Lloyd Jones' Ocean:View
Lloyd Jones is a leading kiwi writer. He was the recipient of the Prime Minister's Prize for Literature in 2008. In 2009, Victoria University awarded him an honorary Doctorate in Literature. He is also the Chair of the Bougainville Library Trust and is a judge for the Ocean:Views competition
Sarah Larnach's Ocean:View
Although my little-kid years were spent inland, I was in a family of surfers, so trips to the beach were frequent whatever-the-season: and I know that this feeling of 'rightness' with the sea has always been with me, as my innocent seaside instinct was without fail - to 'get my kit off', whatever-the-weather.
"Aww…smell that? the sea." I now exclaim to no-one in particular, when the breeze is prime to bring whiff of the harbor all the way up Queen Street and in my door… and it makes me feel just a little bit more 'right'.

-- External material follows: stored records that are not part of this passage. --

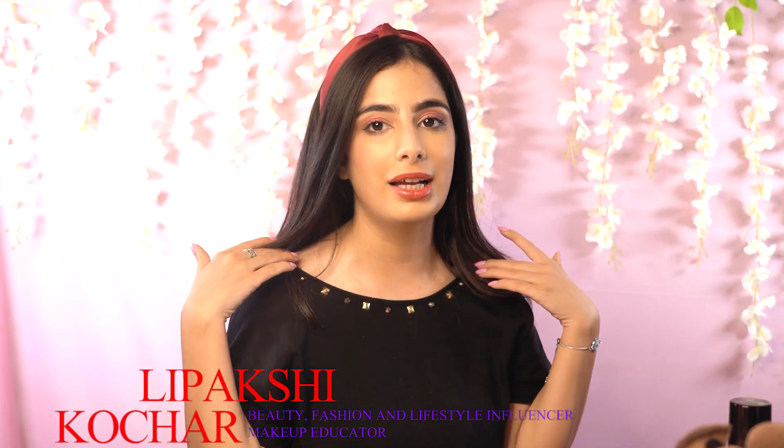Hi everyone! In today's video we will be creating this makeup look. This is a no foundation makeup look. We will be creating this look without using foundation, and if you are a beginner, this is an easy eye makeup look which will make you look presentable, so keep on watching.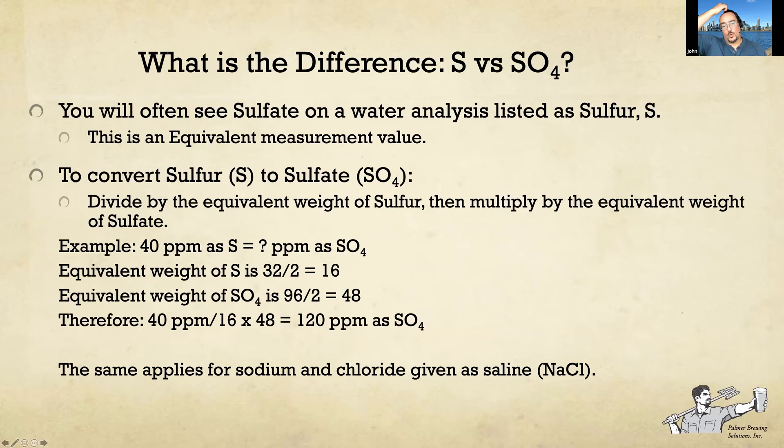If you get water reports from Ward Labs, you'll often see sulfate listed as sulfur (as S). To convert it, multiply by 3: you divide by the equivalent weight of sulfur and multiply by the equivalent weight of sulfate. For example, 40 ppm as sulfur equals 120 ppm as sulfate. As brewers, we're more interested in sulfate than sulfur. The same conversion can apply to sodium and chloride levels if they're given as equivalents in saline.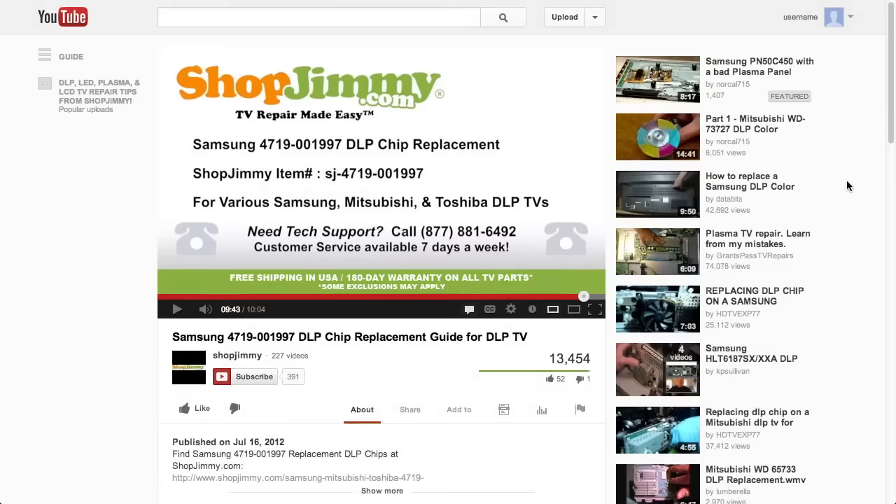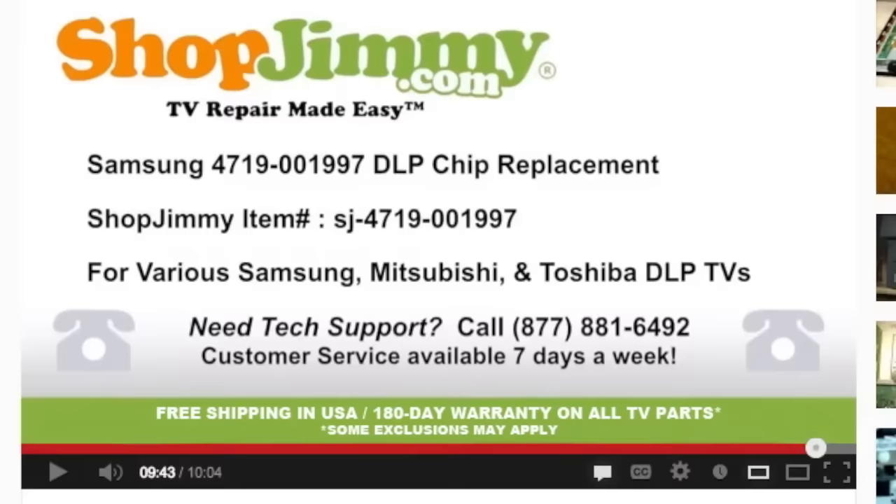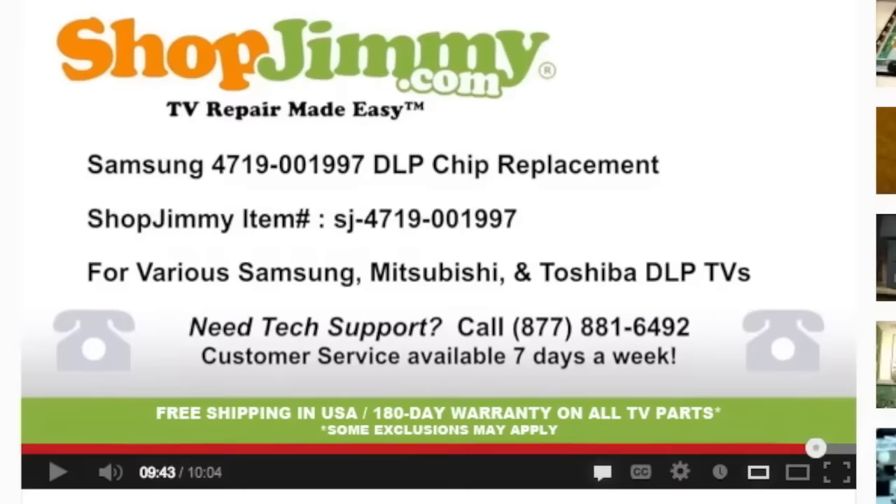Thank you for watching one of our many tutorials here at ShopJimmy.com. If you have any further questions regarding your repair, simply post a question in the comments section below, or call our award-winning customer service team at the number on your screen. We strive to learn and share new TV repair tips every day. Subscribe to our YouTube channel and grow with us. Share our videos with your friends and help us spread the savings. And don't forget to hit that like button.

Sarah Larnach is a leading kiwi visual artist, art director, and DJ. She illustrated Ladyhawke's portrait for the Ocean:Views campaign.
Tessa Rain's Ocean:View
Once, I walked from Nelson to Christchurch with my guitar on my back. Just me, on the road, trying to write. The best part was walking the Kaikoura coast. All day and all night, waves rolled in on my left. Hills on my right echoed the sound back, returning the sea to itself. I finished a song there, which I went on to record later in Dirt Poems. It's just about waves crumbling down but it says what I want it to say. The ocean fixes a lot of things.
Tessa Rain is a New Zealand singer-songwriter best known for her collaboration with Fly My Pretties.
Kim Westerskov's Ocean:View
Many of my happiest, most exciting and most fulfilling days have been at sea - on it, over it, under it, or alongside it on the shore. So have some of my worst days - the ocean is like that. The cover photo on the first edition of the book "The Perfect Storm" [wonderful book, made into a lousy movie] is one of mine. So too the cover of the current edition of Shackleton's "South", another of my stormy sea photos.
Kim Westerskov is a freelance photographer and writer, specializing in ocean wilderness areas. He is also a judge for the Ocean:Views competition.